### RECORDS FOR THIS EXERCISE

┄┄┄┄┄┄┄┄┄┄

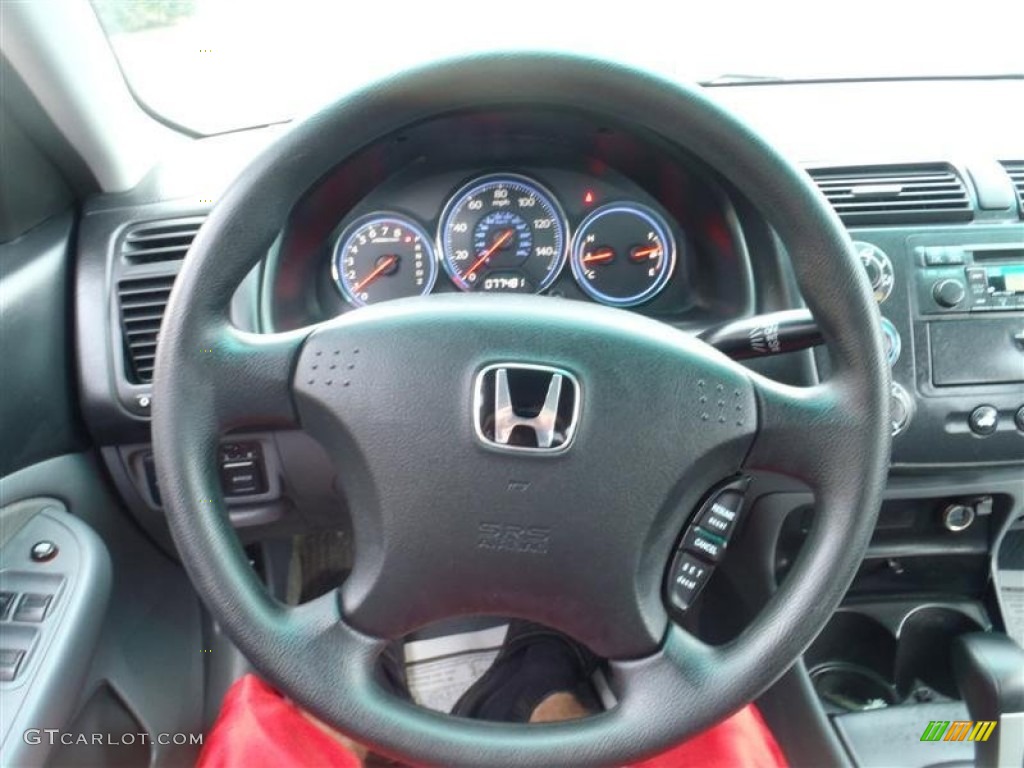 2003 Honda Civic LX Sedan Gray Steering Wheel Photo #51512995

┄┄┄┄┄┄┄┄┄┄

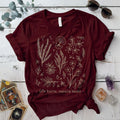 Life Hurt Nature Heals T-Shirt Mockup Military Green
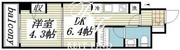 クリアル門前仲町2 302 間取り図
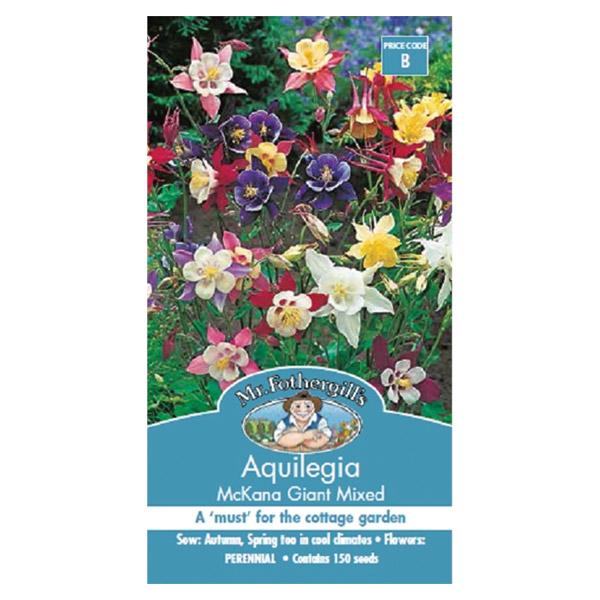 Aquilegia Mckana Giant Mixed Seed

┄┄┄┄┄┄┄┄┄┄

### WHAT TO PRODUCE
Every line above in the stretch from the one with "クリアル門前仲町2 302 間取り図" through the one with "Aquilegia Mckana Giant Mixed Seed" is to be transcribed exactly, ends included. No picture is copied.

### FINISHED EXERCISE
 クリアル門前仲町2 302 間取り図
 Aquilegia Mckana Giant Mixed Seed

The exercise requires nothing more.